ABSTRACT

We have seen several iterative methods for semisupervised learning: selftraining and co-training, McLachlan’s algorithm, the EM algorithm, boosting. In section 7.6, we showed that the iterations in self-training and co-training can be viewed as propagating label information through a graph. EM provides a soft version, and the Gibbs sampler can be seen in similar light: each update probabilistically adjusts the label of a node to make it like the labels of its neighbors. Viewed abstractly enough, just about any classification algorithm can be

seen as propagating labels based on similarity. The nearest-neighbor classifier asks directly which training instance a new instance is most similar to, and predicts the label of that most-similar training instance.
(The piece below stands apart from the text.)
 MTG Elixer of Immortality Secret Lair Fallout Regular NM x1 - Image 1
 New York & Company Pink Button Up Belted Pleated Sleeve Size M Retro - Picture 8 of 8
Other classifiers create more abstract representations of classes and compare a given test instance to the abstract representations, predicting the class whose representation the new instance is most similar to. An abstract class representation, in turn, is based on the features that training instances belonging to the class have in common. For example, as we have seen, many classifiers construct a weight vector

w and, given a new instance x, predict positive if x ·w exceeds a threshold and negative otherwise. One can see w as an abstract representation of the positive class, and the dot product x ·w as the measure of similarity between x and w. A similarity relation defines a weighted graph. The objects that participate

in the relation represent nodes in the graph, and there is an edge between two objects just in case they have non-zero similarity. The weight on an edge represents the similarity between the two objects connected by the edge. We have mentioned two different sorts of graph. In one, nodes represent

instances, and features play a role in determining the similarities that are represented as edge weights. In the other sort of graph, both instances and features are represented by nodes. An instance is “similar” to a feature if it possesses the feature. We are particularly interested in the semisupervised case in which some,

but not all, of the nodes are labeled. If the seed consists of labeled data, then the labeled nodes are instances. If the seed consists of a seed classifier, the labeled nodes are features. The labels of nodes corresponding to the seed are fixed, and other labels are allowed to vary. The basic mechanism for assigning labels to unlabeled nodes is to propagate labels from neighboring nodes, in

accordance with the weight of the edge connecting the nodes. In this chapter, we examine the idea of label propagation through a graph in

more detail. The picture that emerges is of a graph as a fabric or net, in which instances and features are knots connected by cords to similiar instances and features. The height of the fabric corresponds to the probability of having the positive label: an altitude of 1 indicates that the node is certainly labeled positive, an altitude of 0 indicates that the node is certainly labeled negative, and an altitude of 1/2 indicates that the two labels are equally likely. The labeled instances form the perimeter, at fixed heights of 1 or 0, and the unlabeled instances form the interior. The overall effect is a complex interpolation, with each unlabeled node being pulled to the average height of its neighbors. This yields a labeling of the entire graph, with nodes above altitude 1/2 labeled positive in the end and nodes below altitude 1/2 labeled negative.